A Fresh Pacific Northwest Take on Midcentury Modern

“Wanting to spend time in your vacation home even in bad weather — that’s the litmus test,” says interior designer Ian McLeod. These homeowners are so thrilled with the renovation of their 1968 home in British Columbia’s Gulf Islands, they head there as often as possible, rain or shine.


“We didn’t set out to re-create ’60s modern,” says McLeod, who worked with partner Kerry Johnson on the project. “We combined goals of respecting the original home’s spirit with honoring the incredible natural environment around it — it’s a fresh Pacific Northwest take on midcentury modern.” The pair listened closely to the homeowners, whose tastes they knew well after helping them design their city home, to make the house function as the escape hatch and entertainment hub they had hoped for.



Houzz at a Glance
Location: Pender Island, British Columbia, Canada (about a 1½-hour ferry ride or 15-minute seaplane ride from Vancouver)
Designers: Kerry Johnson and Ian McLeod
Size: About 2,800 square feet (260 square meters); 3 bedrooms, 3 bathrooms


The couple had been looking for a “recreation home,” as they say in Canada, for quite some time. Once they got serious and narrowed it down to a few choices, McLeod and Johnson toured the finalists and helped them make the decision. The designers immediately recognized the ideal proportions and other promising features of this house, which sits on a hunk of rock jutting out into Swanson Channel. This is what the exterior looked like after they were done.



“This house had fantastic bones,” McLeod says. “By this I mean it had wonderful proportions, beautiful shapes, and that sunken living room just looked like a party.” As soon as he crossed the threshold, Johnson, a building designer, was already imagining ripping down walls to open up all the public spaces, as well as adding extra-large custom windows.


The renovation was all about transparency and long sight lines through the space to the spectacular views beyond. Creating a sense of continuity was paramount. All the floors are tiled in 30-inch by 6-inch Italian porcelain planks that resemble wood. The flooring is unbroken through all of the rooms and hallways, has no thresholds and is heated from underneath. It even continues up this high media wall, warming up the space.


They painted the vaulted ceiling white to lighten things up and cover inconsistencies left behind by old walls, since removed. In keeping with the home’s proportions, Johnson designed windows that are 10 feet high, as opposed to their previous standard sliding door height of about 6 feet, 8 inches — all the more chances to see the eagles, whales and deer beyond the glass.

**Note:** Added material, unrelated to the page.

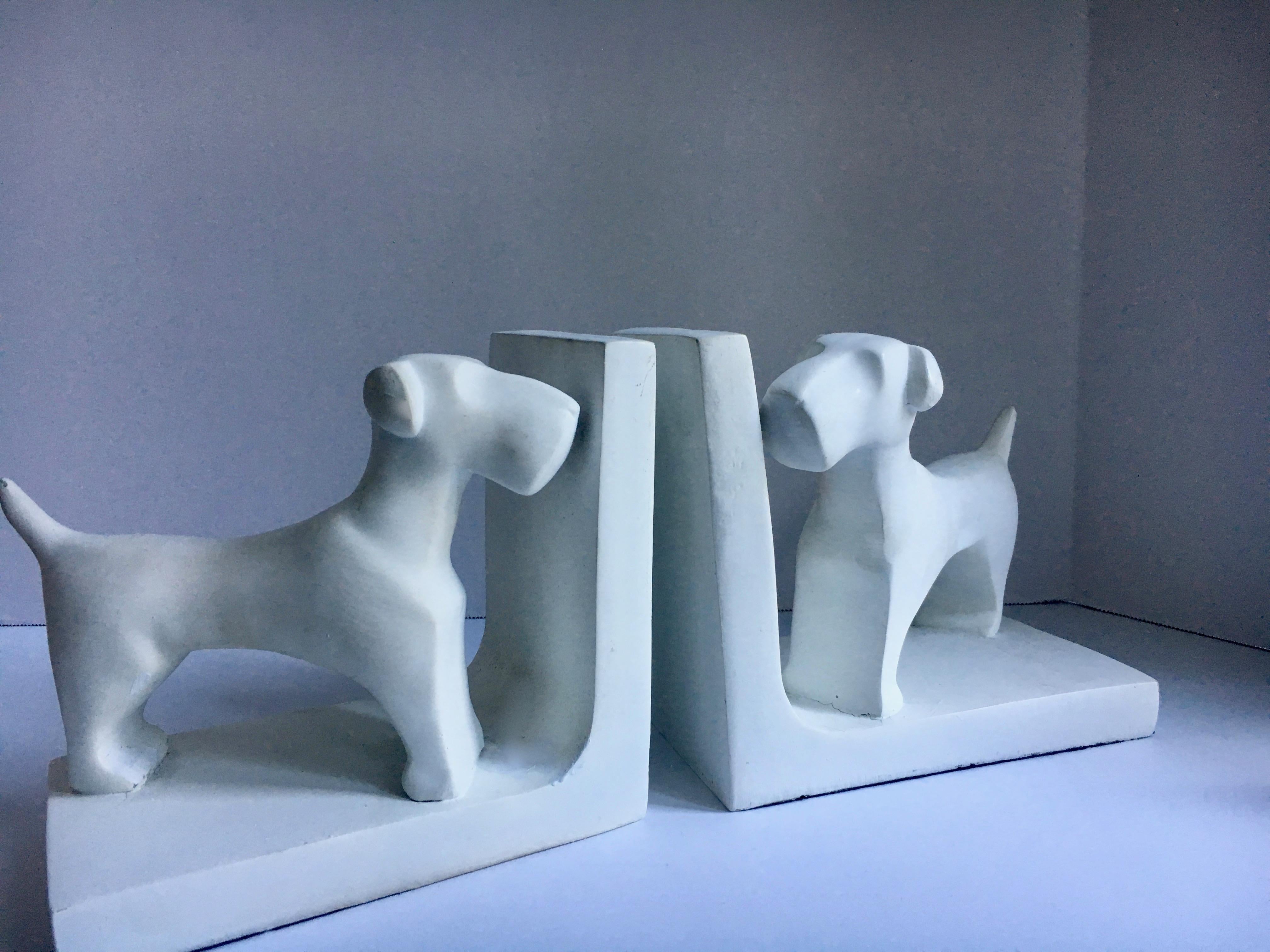Gesso Pair of Dog Bookends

The designers mixed splurges like authentic Eames lounge chairs and a custom coffee table with less expensive pieces from popular retailers. The chevron poufs are from West Elm. “They just look like a party,” McLeod says. “They say, ‘Come sit with a cocktail and have a chat.’”


The designers were inspired by the lichen-covered rocks around the property, which include the occasional burst of orange, and the local fauna. Deer and owls are represented on playful pillows. “It’s a modern way to reference the beautiful animals who live on Pender Island,” McLeod says.